L’impulso di rincorrere la macchina e fermarlo era forte, ma riuscì a trattenersi. Non doveva essere egoista. Continuava a ripeterselo come un mantra, e sperava di riuscirci con tutto se stesso.

L’arrivo inaspettato di Scott McCall lo riportò alla realtà. Lo salutò da lontano alzando appena la mano destra e aspettò che l’alfa si avvicinasse. Lo vide con un sacchetto in mano, che subito gli porse. Dentro c’erano due sandwich. Theo ne prese uno, raggiungendo una panchina libera e restituendo a Scott il sacchetto.

«Come va il primo giorno?» chiese il lupo, addentando il suo sandwich. Theo lo imitò, ragionando un po’ su quella domanda. Alzò le spalle e bevve un sorso d’acqua. Non voleva essere avventato.

«Va…» si limitò a dire. Scott ridacchiò, scuotendo il capo. Non voleva giudicarlo, lo sapeva, eppure quella punta di sarcasmo lo infastidì. Erano tutti dalla parte di Liam, e non avevano torto.

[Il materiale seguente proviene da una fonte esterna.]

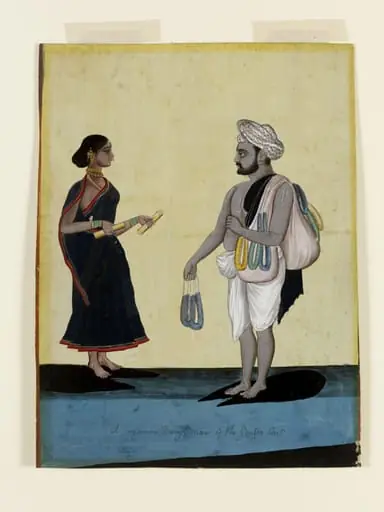 Bangle-seller and his wife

«Sei scappato senza dire nulla… e ora sei tornato, senza dire nulla» lo rimproverò. Theo si mordicchiò nervosamente il labbro inferiore, non sapendo bene come ribattere. Solo Ethan sapeva davvero come si era sentito in quegli anni di silenzio e forse, spiegarlo all’alfa lo avrebbe alleggerito.

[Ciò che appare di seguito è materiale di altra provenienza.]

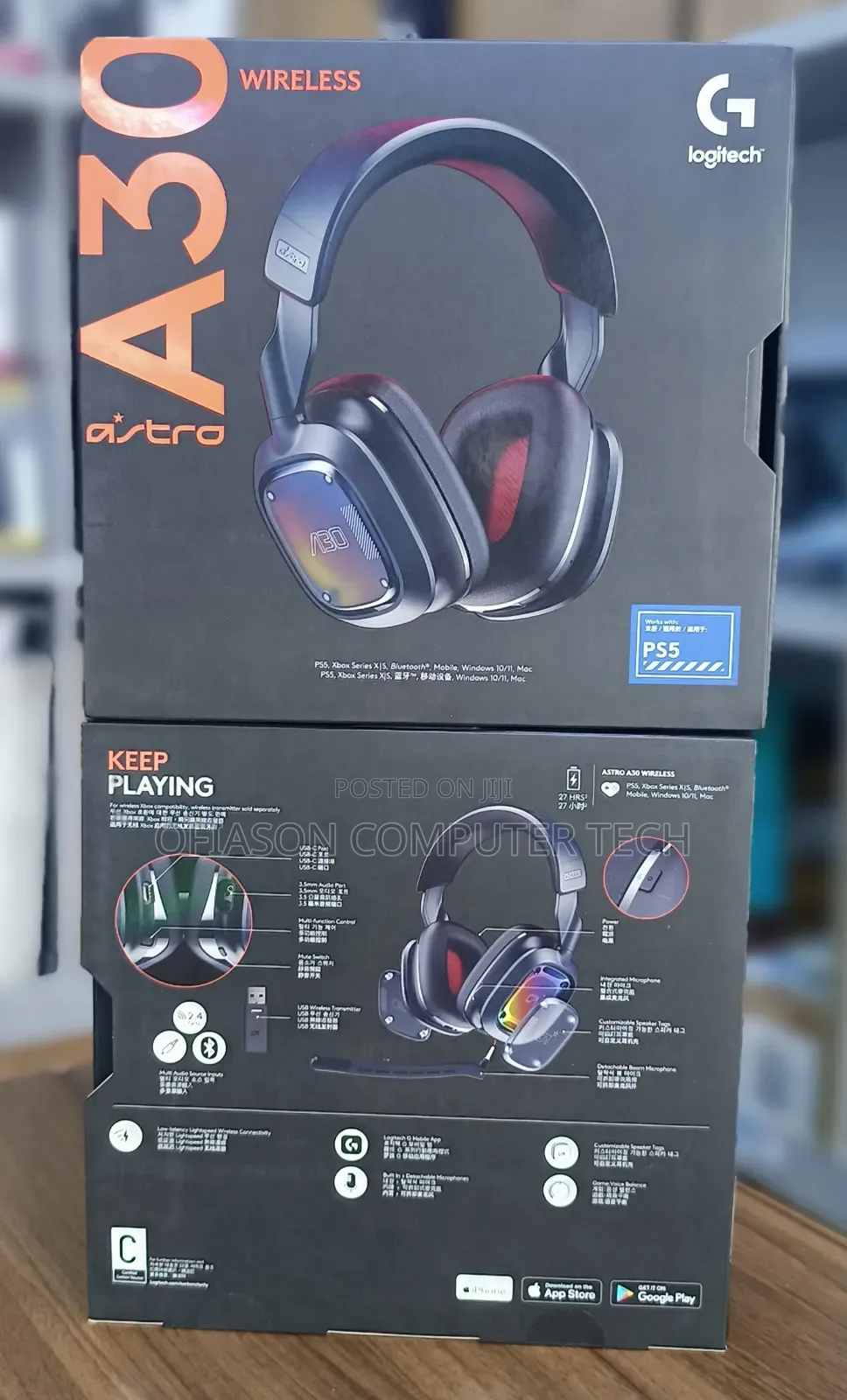 Logitech A30 Astro Wireless Gaming Headset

«Quando mi ha confessato di amarmi non ero pronto. Non sapevo fosse bisessuale, nemmeno io sapevo di esserlo e in più, ho sempre pensato di non meritare la sua amicizia, figurati il suo amore» iniziò cauto, fissando un’aiuola non troppo interessante del giardino della scuola.

Scott non lo interruppe. Sapeva che il discorso di Theo sarebbe stato lungo, e gli lasciò il tempo di formularlo. La chimera riprese: «Sono scappato perché non sapevo gestire quella situazione. Non volevo farlo soffrire e, insomma… com’è che si dice? Lontano dagli occhi, lontano dal cuore, no?»

«Non ci sei riuscito, però» non riuscì a trattenersi il lupo. Theo sospirò. No, non ci era riuscito affatto.

«E lui è riuscito a dimenticarmi?» chiese, supplicandolo con gli occhi. Scott ridacchiò, quasi beffardo.

«Tu che dici?»

Theo alzò le spalle, sfiduciato. Lo aveva appena visto andare via con una ragazza.

«Sei il solito egocentrico» rincarò Scott. «Sparisci per anni, torni e pensi che tutti siano rimasti immobili ad aspettarti? La vita degli altri continua anche senza la tua presenza» lo redarguì.

«Lo so. E so che devo scusarmi con tutti. Ma io ci tengo davvero a lui. Non posso perderlo»

«Magari l’hai già perso» sussurrò Scott. Non c’era rancore in quella frase, non c’era più rimprovero o amarezza. Era una constatazione. O forse uno sprono, Theo non lo sapeva ma era deciso a riconquistare la fiducia del branco. E, soprattutto, era deciso a riconquistare l’amore di Liam.